◆ Task input:
|---|
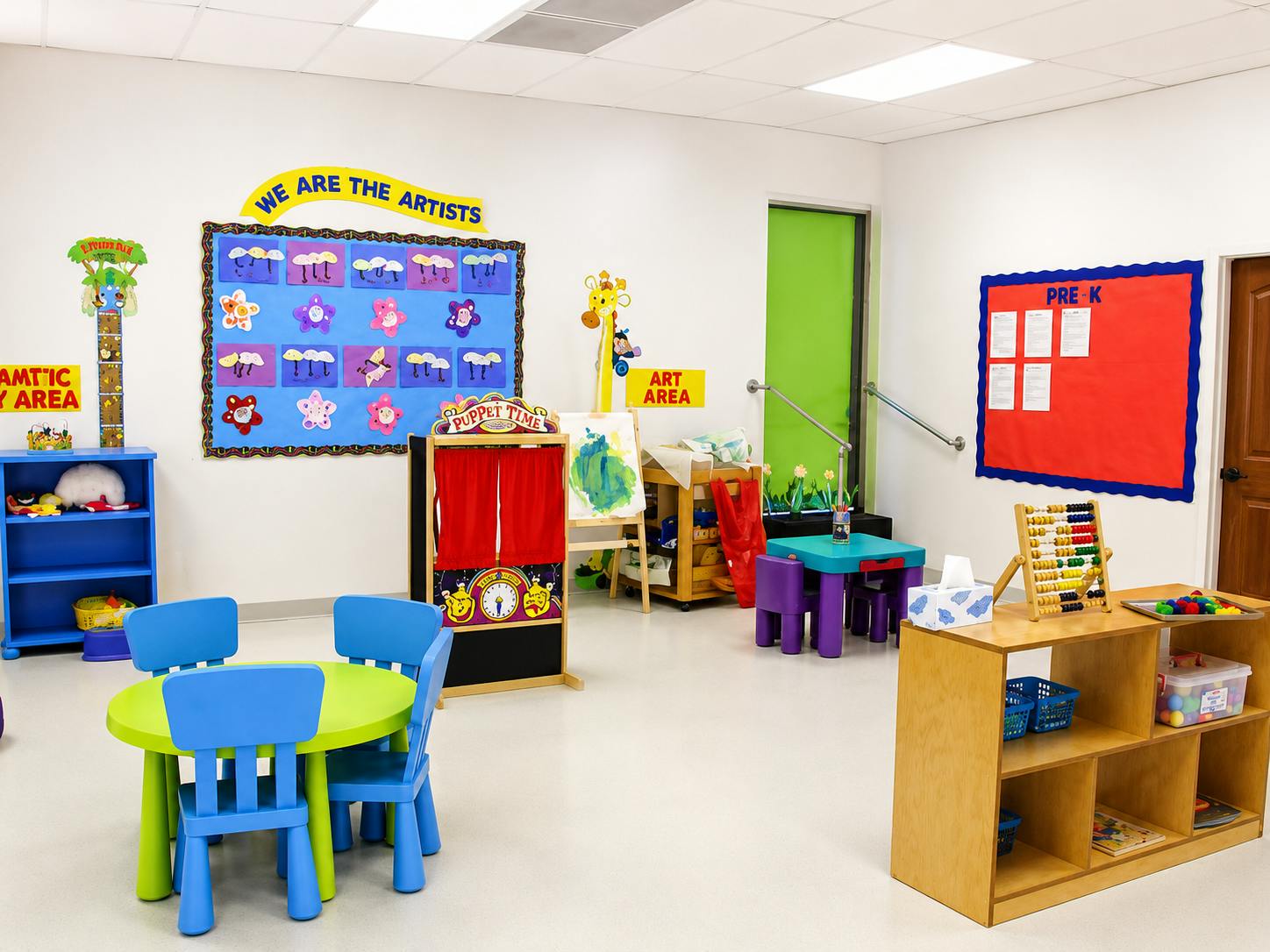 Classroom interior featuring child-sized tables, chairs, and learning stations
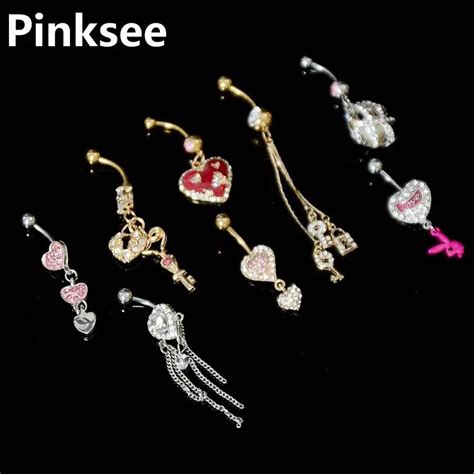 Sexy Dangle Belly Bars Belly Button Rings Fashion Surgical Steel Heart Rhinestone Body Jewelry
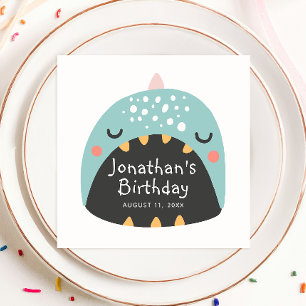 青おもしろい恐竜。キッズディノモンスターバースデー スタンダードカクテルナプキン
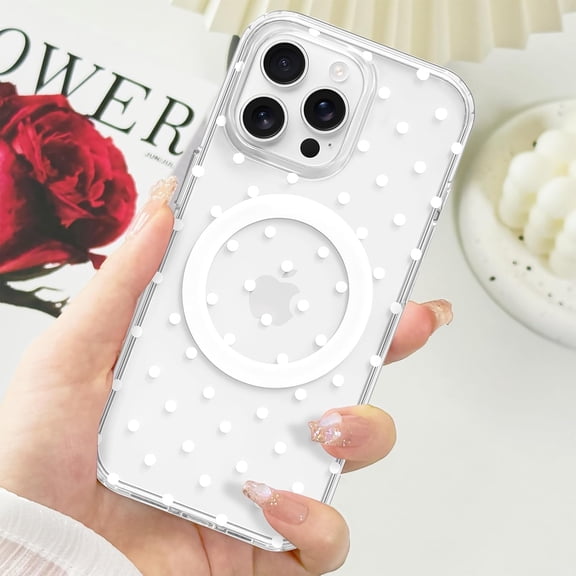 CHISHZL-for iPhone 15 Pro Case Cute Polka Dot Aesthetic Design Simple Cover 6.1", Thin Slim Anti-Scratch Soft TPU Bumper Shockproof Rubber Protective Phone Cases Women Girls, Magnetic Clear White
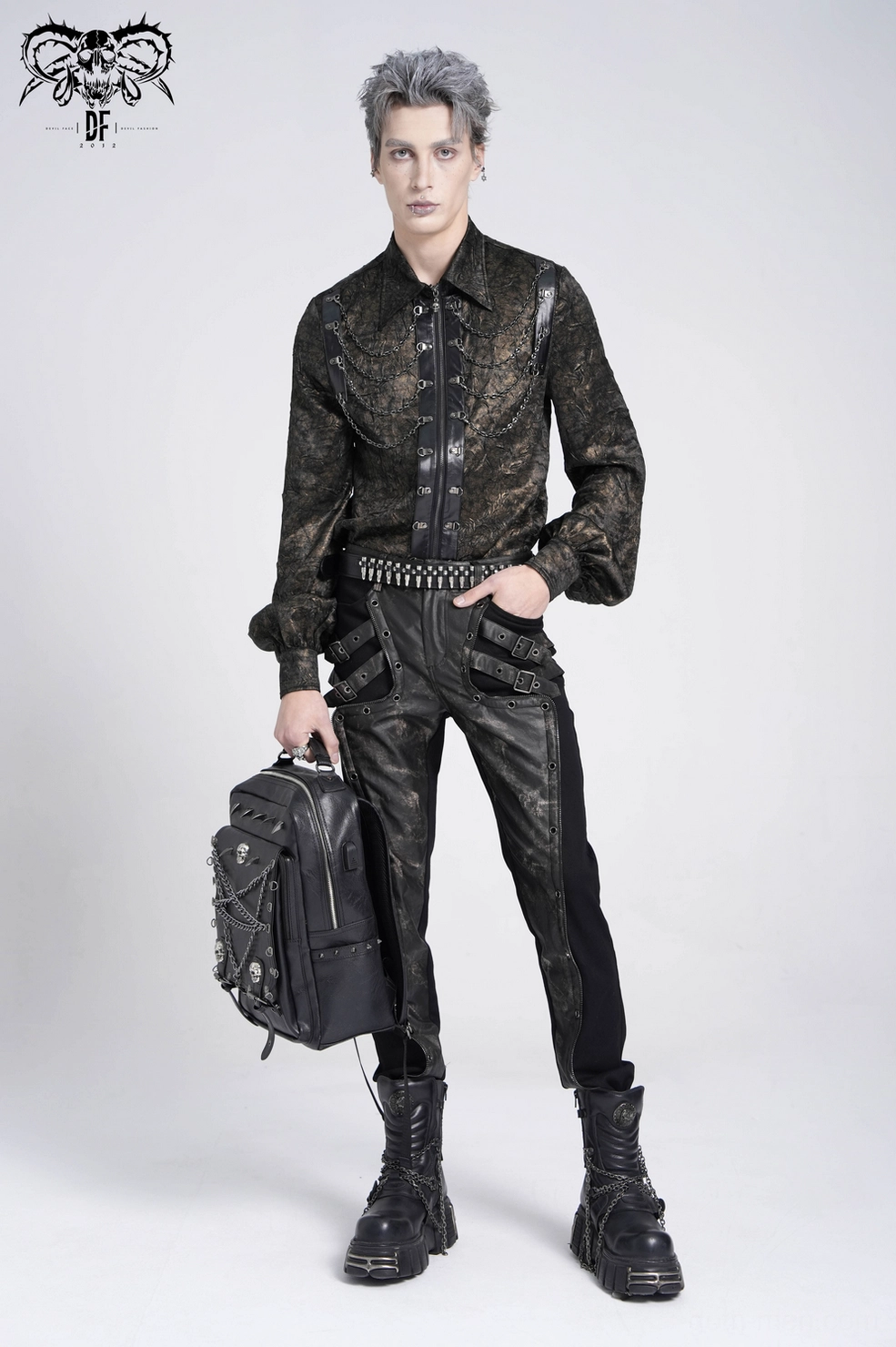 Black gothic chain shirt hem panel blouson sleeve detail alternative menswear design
|---|
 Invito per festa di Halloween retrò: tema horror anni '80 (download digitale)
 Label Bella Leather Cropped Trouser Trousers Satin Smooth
|---|
◆ Exercise: Could you write out exactly the lines of the data above that run from the one holding "Classroom interior featuring" to the one holding "Black gothic chain", with both ends in and all pictures out?

◆ Answer space:
 Classroom interior featuring child-sized tables, chairs, and learning stations
 Sexy Dangle Belly Bars Belly Button Rings Fashion Surgical Steel Heart Rhinestone Body Jewelry
 青おもしろい恐竜。キッズディノモンスターバースデー スタンダードカクテルナプキン
 CHISHZL-for iPhone 15 Pro Case Cute Polka Dot Aesthetic Design Simple Cover 6.1", Thin Slim Anti-Scratch Soft TPU Bumper Shockproof Rubber Protective Phone Cases Women Girls, Magnetic Clear White
 Black gothic chain shirt hem panel blouson sleeve detail alternative menswear design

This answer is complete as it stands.